While current Kansas policies might seem extreme in their vigilance over teenage sexuality, they provide a prototype of national policies in which we are able to observe four specific trends: (1) all teen sex is considered a form of sexual abuse; (2) the state is asserted, in response, as the ultimate protector of young women; (3) adult educators and health professionals are repositioned as mandatory reporters for the state, effectively eliminating "zones of privacy"4 and the availability of supportive adults who were once available to teens; and (4) marriage is proffered as the only context that legitimates sexual activity for teens or adults. Even though the District Court of Kansas permanently blocked enforcement of Attorney General Kline's legal opinion in April 2006, the spirit of Kline's opinion nevertheless highlights current trends in legislating the sexuality of minors.5The Kansas case allows us to observe the increasingly dangerous confusion between making laws to protect young people and making religious, "moral," and punishing judgments concerning their sexual activity.
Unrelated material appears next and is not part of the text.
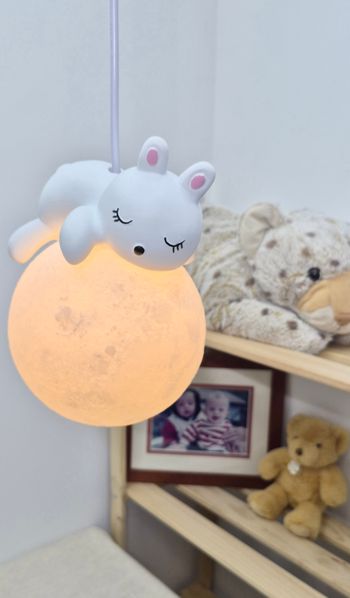 Suspension lapin chambre d'enfant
Adolescent sexual activity as sexual abuse. Kline's interpretation of the

1982 Kansas statute positioned young women, the State of Kansas, and supervisory adults in very specific relationships to one another. One important consequence of the 1982 statute was that it was no longer possible for teenagers under sixteen to have voluntary and consensual sex. Instead, Attorney General Kline reframed "intercourse, in any fashion, with children

[as] inherently harmful to the child."6As a result, even consensual and developmentally appropriate sexual activity between peers under sixteen years of age became equated with sexual abuse. Through this legal maneuver, the state positioned itself as the prosecutor and protector of all teenage sexual activity. While state laws and policies are necessarily concerned with stopping all forms of sexual abuse, Kansas law deliberately conflated consensual and nonconsensual sex and removed the potential for the expression of sexuality from all young...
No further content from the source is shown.